I should have been packing, we were, after all leaving in four days and my apartment looked exactly the same as it always did. I loved my apartment in Nashville with the view of the world’s most incredible sunsets, so understandably so, I was procrastinating in the most spectacular way. I was sitting on my couch watching the entire series of The Soprano’s and going through Facebook, and that’s when I came across this quote by Sylvester McNutt III.
“She’s trying to build herself up. Her goals involve adding value to other people’s life because she is a woman of passion. She’s kind, she’s tough but don’t take her for granted; nobody is built like her. Her goal is to exude love and to give it to every human that she touches. She’s fragile but she’s a rock. Recognize her ability quickly because she is the total package; she is that ready.” Sylvester McNutt III
I wanted the “she” to be me, but after I read that quote I was sitting on the couch in tears. I was very much trying to build myself up, but I keep stumbling when it came to this move to Albany. I don’t stumble near as much as I did in the beginning, and I have moments when I am excited about the move, but then there are days where I have to hold back the tears. Today was one of those days where I could not hold them back, and all it took was Rob to say, “Raymond found someone to buy our scooters.” I try to understand why and what is causing me to stumble and it is something different every day, but it usually always boils down to the same thing. Change. Change and how much I hate change and here we are making the hugest of all changes. I know there are a million cliches out there to make you feel better about change, “Nothing is constant but change”, “When the winds of change blow, some people build walls, and others build windmills”, “Don’t fear change, embrace it” but I like my life consistently the same.

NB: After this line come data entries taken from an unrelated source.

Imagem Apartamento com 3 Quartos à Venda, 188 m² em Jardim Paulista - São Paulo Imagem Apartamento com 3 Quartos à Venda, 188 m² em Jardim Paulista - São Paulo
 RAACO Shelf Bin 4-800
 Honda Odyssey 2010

When I was talking to a friend about this move to New York, I said life would be so much easier if I just married an Accountant. There wouldn’t be that awkward stare when I answered the question “What does your husband do for a living?” no confusion at all with what exactly my husband did for a living. I would adjust my life to his busy time January through April 15th. After tax season, it would be a typical 9 to 5, Monday through Friday kind of job. My friend said “You wouldn’t want to be married to an Accountant; you would be bored out of your mind. You and your husband work perfectly together they way things are now.”
I thought about that for a minute, would I, indeed be bored out of my mind? Perhaps, but it would be consistent, and sometimes consistency is good. Then I sat and compared change and consistency in my head for a minute. Most times consistency is bad and without change, things tend to be boring, stale not to mention what it doesn’t do for your creativity. But there are usually fewer tears with consistency and change often brings me to my knees crying my eyes out.
This morning, as I was sitting on the couch in my apartment 100% NOT packed, I was given the option not to move. It wasn’t the right choice and as much as I wanted to scream from my balcony, “Yes, I vote not to move!” And I found myself, once again, repeating “It will be fine” as if to convince myself of something my core wasn’t so sure of…again.
I thought back to that quote, “She’s fragile, but she’s a rock.” I was fragile, I felt so fragile that if someone hugged me, I might shatter, but I am also a rock and with my mantra “It will be fine” playing over and over in my head, I had no other choice but to believe it and be that rock. So I turned off Tony Soprano and looked around my apartment and started to fill the boxes.